When we talk about statistical tests associated with average basket size, what do we mean? Usually, we’re referring to the Mann-Whitney-U test (also called the Wilcoxon), used in certain A/B testing software, including AB Tasty.  A ‘must have’ for anyone who wants to improve their conversion rates. This test shows the probability that variation B will bring in more gain than the original. However, it’s impossible to tell the magnitude of that gain – and keep in mind that the strategies used to increase the average basket size most likely have associated costs.  It’s therefore crucial to be sure that the gains outweigh the costs. 

For example, if you’re using a product recommendation tool to try and increase your average basket size, it’s imperative to ensure that the associated revenue lift is higher than the cost of the tool used….

Unfortunately, you’ve probably already realized that this issue is tricky and counterintuitive…

Let’s look at a concrete example: the beginner’s approach is to calculate the average basket size directly. It’s just the sum of all the basket values divided by the number of baskets. And this isn’t wrong, since the math makes sense. However, it’s not very precise! The real mistake is comparing apples and oranges, and thinking that this comparison is valid. Let’s do it the right way, using accurate average basket data, and simulate the average basket gain. 

Here’s the process:

  • Take P, a list of basket values (this is real data collected on an e-commerce site, not during a test). 
  • We mix up this data, and split them into two groups, A and B.
  • We leave group A as is: it’s our reference group, that we’ll call the ‘original’.
  • Let’s add 3 euros to all the values in group B, the group we’ll call the ‘variation’, and which we’ve run an optimization campaign on (for example, using a system of product recommendations to website visitors). 
  • Now, we can run a Mann-Whitney test to be sure that the added gain is significant enough. 

With this, we’re going to calculate the average values of lists A and B, and work out the difference. We might naively hope to get a value near 3 euros (equal to the gain we ‘injected’ into the variation). But the result doesn’t fit. We’ll see why below. 

How to Calculate Average Basket Size

The graph below shows the values we talked about: 10,000 average basket size values. The X (horizontal) axis represents basket size, and the Y (vertical) axis, the number of times this value was observed in the data.

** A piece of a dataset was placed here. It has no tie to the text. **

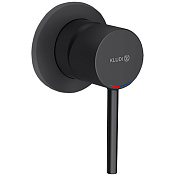 Kludi Bozz Смеситель для душа встраиваемый, внешняя часть, цвет: черный матовый 389253976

It seems that the most frequent value is around 50 euros, and that there’s another spike at around 100 euros, though we don’t see many values over 600 euros. 

After mixing the list of amounts, we split it into two different groups (5,000 values for group A, and 5,000 for group B).

Then, we add 3 euros to each value in group B, and we redo the graph for the two groups, A (in blue) and B (in orange): 

We already notice from looking at the chart that we don’t see the effect of having added the 3 euros to group B: the orange and blue lines look very similar. Even when we zoom in, the difference is barely noticeable: 

However, the Mann-Whitney-U test ‘sees’ this gain:

More precisely, we can calculate pValue = 0.01, which translates into a confidence interval of 99%, which means we’re very confident there’s a gain from group B in relation to group A. We can now say that this gain is ‘statistically visible.’ 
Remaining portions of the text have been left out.